As VOA reported Thursday, Saudi national Khalid Ali-M Aldawsari, who was studying in the Texas, was arrested on a federal charge of attempted use of a weapon of mass destruction. He allegedly bought chemicals and equipment necessary to make bombs, and his email records allegedly indicate that he sent himself lists of potential targets and jihadist messages.
Aldawsari was also, according to the FBI’s affidavit, in the country legally on an F-1 student visa issued in 2008. He arrived in the U.S. first for a year-long English language program, and then entered Texas Tech University with a major in chemical engineering. He had recently transferred to nearby South Plains College and was majoring in business.
Aldawsari’s studies were funded through a scholarship with a Saudi-based industrial corporation, which paid his educational and living expenses.
In his diaries, translated in the FBI’s affidavit, Aldawsari writes that he was accepted for both a government scholarship and the corporate scholarship, choosing the corporate scholarship because:
First, [it] sends its students directly to America, …contrary to [the other[ which requires its students to study in the Land of the Two Holy Places for one year. Second, [the sponsoring corporation’s] financial scholarship is the largest, which will help tremendously in providing me with the support I need for Jihad, God willing.
Interestingly, according to the Tennessean, court records indicate that Aldawsari’s blog contradicts this account. His blog entries from 2008 apparently paint a picture of a student adjusting to life in America:
On his blog, he talked about learning English, chemistry and physics. He quoted the movie Meet Joe Black, described his love of zombie movies and video games. And he fell in love with a Vanderbilt student helping at the English Language Center.
“I am falling in love of her. …” He wrote. “She is gorgeous that I cann’t forget her just right away … I am asking Allah the great to covert her to Islam and marry me.”
Aldawsari expressed hope that he could eventually score a job at Google and openly admired America’s culture of volunteerism. In recalling an outing when he and other students helped build a home, he remarked, “I think this trip is really a good one that we saw how volunteering is a big part of the American culture and I so interested in volunteering because I like help the others.”
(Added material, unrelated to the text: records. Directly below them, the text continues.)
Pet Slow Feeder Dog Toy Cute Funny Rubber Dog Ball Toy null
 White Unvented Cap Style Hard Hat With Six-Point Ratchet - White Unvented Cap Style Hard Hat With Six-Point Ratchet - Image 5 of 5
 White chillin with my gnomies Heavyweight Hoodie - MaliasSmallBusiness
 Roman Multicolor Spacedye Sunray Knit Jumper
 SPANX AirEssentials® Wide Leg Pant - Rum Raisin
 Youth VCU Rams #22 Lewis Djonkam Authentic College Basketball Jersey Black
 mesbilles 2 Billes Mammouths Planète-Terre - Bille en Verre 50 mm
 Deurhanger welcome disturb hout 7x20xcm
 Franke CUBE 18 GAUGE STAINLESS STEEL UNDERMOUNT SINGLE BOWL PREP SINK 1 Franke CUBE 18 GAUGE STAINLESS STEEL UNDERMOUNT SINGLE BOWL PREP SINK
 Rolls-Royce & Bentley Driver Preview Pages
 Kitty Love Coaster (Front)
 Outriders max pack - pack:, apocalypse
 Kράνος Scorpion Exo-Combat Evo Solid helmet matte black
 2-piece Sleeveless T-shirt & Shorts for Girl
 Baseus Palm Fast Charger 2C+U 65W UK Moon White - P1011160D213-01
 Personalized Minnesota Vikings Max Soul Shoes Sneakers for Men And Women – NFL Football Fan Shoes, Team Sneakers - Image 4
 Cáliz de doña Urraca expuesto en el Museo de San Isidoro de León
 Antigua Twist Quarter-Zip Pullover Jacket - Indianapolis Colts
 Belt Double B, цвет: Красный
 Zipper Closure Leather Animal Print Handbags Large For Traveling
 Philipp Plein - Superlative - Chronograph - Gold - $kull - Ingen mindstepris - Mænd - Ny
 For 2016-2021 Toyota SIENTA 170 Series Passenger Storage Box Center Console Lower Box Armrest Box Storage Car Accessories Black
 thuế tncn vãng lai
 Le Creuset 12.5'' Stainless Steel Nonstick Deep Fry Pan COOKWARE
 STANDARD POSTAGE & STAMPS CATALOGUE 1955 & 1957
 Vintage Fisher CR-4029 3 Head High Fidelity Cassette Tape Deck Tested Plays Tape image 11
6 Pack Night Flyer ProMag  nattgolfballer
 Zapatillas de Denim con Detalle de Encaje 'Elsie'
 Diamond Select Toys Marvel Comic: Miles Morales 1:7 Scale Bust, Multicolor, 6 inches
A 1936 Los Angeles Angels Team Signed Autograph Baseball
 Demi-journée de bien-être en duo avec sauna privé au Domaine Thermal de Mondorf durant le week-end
The Tennessean says it was in 2010 when the tone of the blog changed dramatically.
The number of Saudi students in the U.S. has increased dramatically in recent years, largely thanks to scholarships being offered by the Saudi government – the type Aldawsari said he turned down. The latest data from the Institute for International Education shows that foreign student enrollments from Saudi Arabia increased 25% in 2010.
Not surprisingly, some U.S. lawmakers have reacted by questioning the efficacy of U.S. student visa policies. House Judiciary Committee Chairman Lamar Smith, a Republican from Texas, responded with a statement calling for tighter enforcement of immigration laws. He said in the statement, “We shouldn’t be surprised that terrorists continue to enter the U.S. on visas when our immigration laws are so loosely enforced. The 9-11 hijackers entered the U.S. after obtaining visas. And the Christmas Day bomber was able to board a plane en route to Detroit because he too had a visa.”
(Although, to be fair, the 9/11 hijacker who was in the U.S. on an F student visa was in gross violation of his visa terms, having never showed up to the English language school he had claimed he would attend (as reported by the 9/11 Commission). And the so-called Christmas bomber was on a multiple-entry tourist visa, not a student visa).
According to Reporter News, Representative Mac Thornberry said this case should be used to generate lessons learned for screening of student visa applicants. Reporter News also quotes Representative Mike Conaway as saying that these allegations shouldn’t affect the way the U.S. hands out student visas:
Big Country Rep. Mike Conaway said having foreign students in the country is valuable because they learn about Americans.
“And they take a little bit of the good from America back with them,” said Conaway, a Midland Republican.
He said he doesn’t think the allegations against the Lubbock student call for eliminating student visas.
“But we ought look at how this fellow got his, what was done to check him out, to see if there were any indications that he was going to do this that we should have seen before he got the visa,” Conaway said.